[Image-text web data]
========================================================================

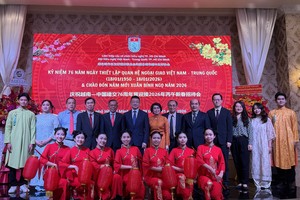 中国驻胡志明市总领事唐立与市越中友协执委会合照留念。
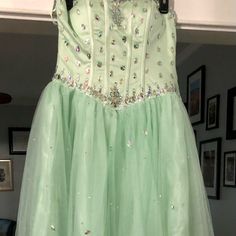 Stunning Green Tulle Dress With Beautiful Gems And A Corset Back New Size 6 Retails $400 #12 Green Tulle Dress, Green Tulle, Corset Back, Tulle Dress, Prom Dresses, Prom, Gems, Diamonds, Size 6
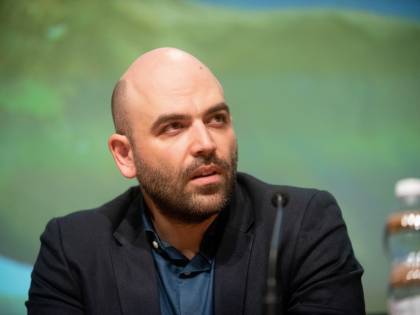 Migranti, Saviano attacca Toninelli: "Ti credevo brava persona"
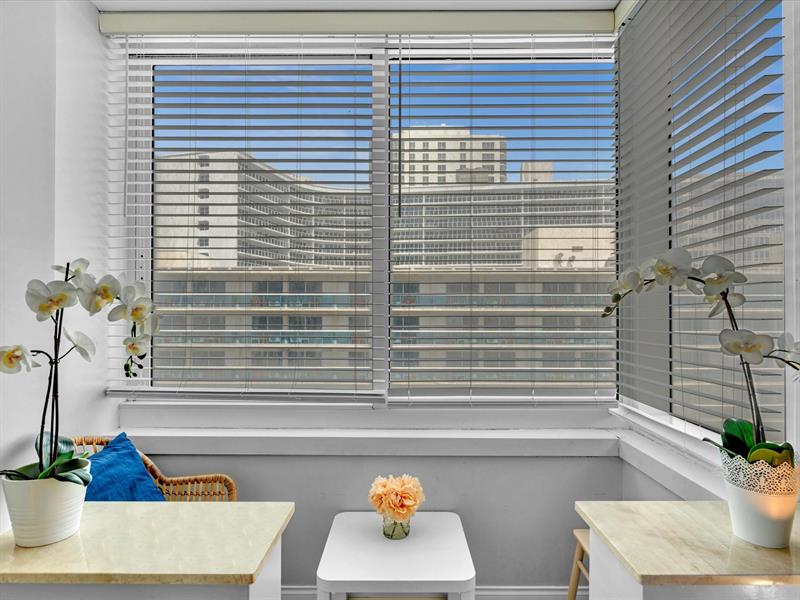 Image 32 of 65 For 4040 Galt Ocean Dr  811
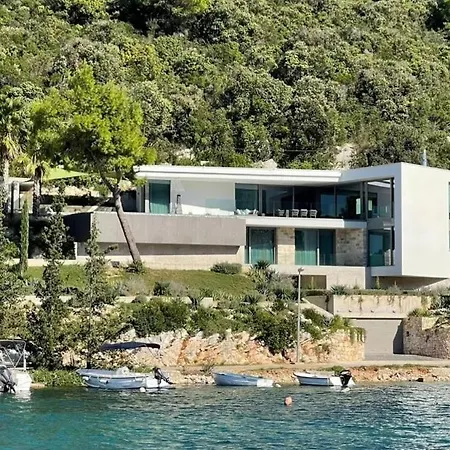 Villa Katalina Lux *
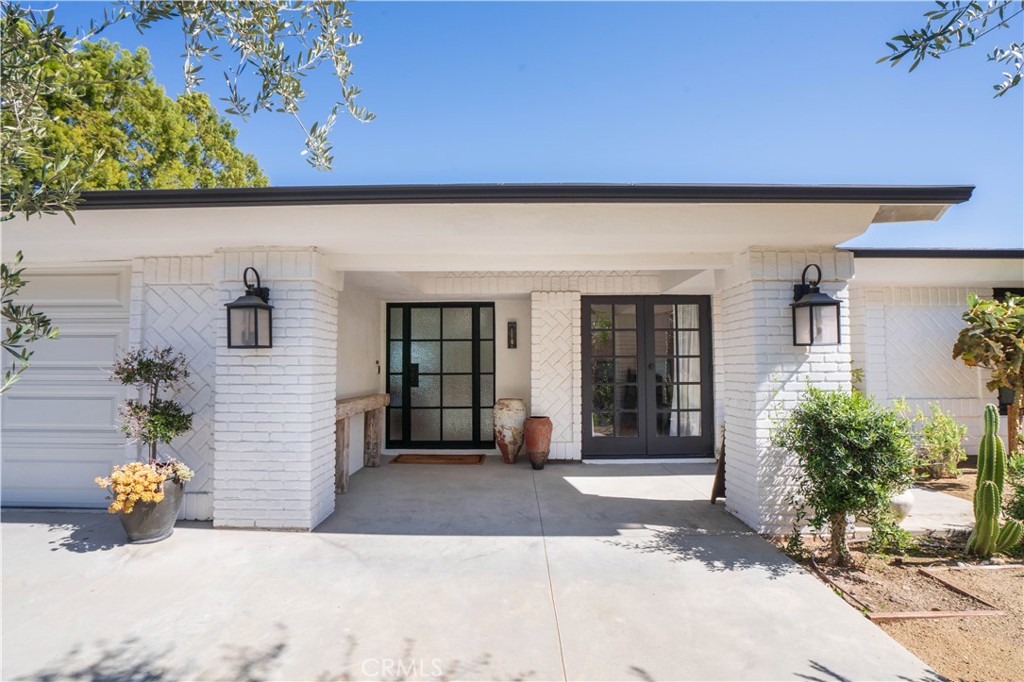 Properties 1 5910 Pat Avenue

========================================================================

- **DIRECTIONS FOR THIS TASK**: Go through the entries above and output them exactly, without pictures.

- **RESULT OF THIS EXERCISE**:
 中国驻胡志明市总领事唐立与市越中友协执委会合照留念。
 Stunning Green Tulle Dress With Beautiful Gems And A Corset Back New Size 6 Retails $400 #12 Green Tulle Dress, Green Tulle, Corset Back, Tulle Dress, Prom Dresses, Prom, Gems, Diamonds, Size 6
 Migranti, Saviano attacca Toninelli: "Ti credevo brava persona"
 Image 32 of 65 For 4040 Galt Ocean Dr  811
 Villa Katalina Lux *
 Properties 1 5910 Pat Avenue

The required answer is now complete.